Moving Beyond Detection

In addition to these considerations, we must also hold up the actual use case to tight scrutiny. To date, ML is largely only applied to detection. For those who spend their time protecting systems day in, day out, you may by this point be asking yourself, “do I even need more alerts?”  “Is detection even my biggest problem?”  I find that the answer to both questions is often no.  Security products need to be much broader than pure detection.  They need to provide context, tie information together, and guide the practitioner through incident triage, scoping, and response.  Today’s products generally are severely lacking in these areas. It is time to consider how AI and ML can improve the workflow including, but beyond, detection.

ML and AI can help automatically gather and correlate data, can suggest or even automatically execute response actions, remember what you did before, and make the process of asking questions of a mountain of available data straightforward and accessible to users.  We need to collectively think bigger about AI in security and demand tools which apply AI and ML not just to create more alerts about things that might be malicious, but make the process of doing our jobs as security analysts easier.

At Endgame, through our own experiences as operators and analysts, we know the key pain points and hurdles, and bake ML into our endpoint security product in effective ways.  Our research and development team combines experienced data scientists, reverse engineers, incident responders, and threat experts hailing from diverse industry and government backgrounds.  Because domain expertise is so critical, security domain experts are paired with data scientists to craft, evaluate, and red-team solutions.  We constantly question our assumptions, endlessly seek and fill gaps in our data sets and features, and get way into the weeds in analyzing our results to identify and fix potential shortcomings. The fruits of this tireless labor include our ML-powered MalwareScore™ feature, which we’d put up against anyone in the industry (and you can check it out yourself in VirusTotal).

We are also very comfortable in saying that ML is not the answer to all our detection woes.  Our researchers and engineers have built world-class capabilities our customers use every day to block exploits, stop process injection, find injected code, eliminate ransomware, and much more.  The techniques we use are very powerful and no less interesting or revolutionary because of the absence of ML – our growing patent portfolio and publicly shared research in these areas attests to this.

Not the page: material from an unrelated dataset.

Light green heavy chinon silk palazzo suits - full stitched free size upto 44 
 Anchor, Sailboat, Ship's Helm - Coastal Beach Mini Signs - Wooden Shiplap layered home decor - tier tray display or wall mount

We also treat the usability and workflow problem as a serious R&D challenge in need of a solution.  By pairing researchers with user experience experts, our product addresses those key workflow pain points with novel, yet intuitive to use, ways to fix them. The result is Artemis®, our AI powered chatbot which eases search, triage, and response throughout our endpoint protection platform.  This does not eliminate the need for highly skilled users, but it does facilitate training of new users and removes friction for more advanced users.  Under the hood remains a powerful two-way API which is fully documented and open for any user, extending our commitment to usability and extensibility.

 

The Bottom Line

Looking beyond the hype and buzzwords, when implemented well ML can be a powerful piece of a security program or tool. The key challenge is to build it correctly, taking into account the range of factors I’ve addressed in this post.  The marketplace is littered with poorly implemented ML-based solutions fronted by aggressive marketing.  To help cut through the noise, the graphic below provides a cheat sheet for key questions to ask when evaluating ML-driven solutions.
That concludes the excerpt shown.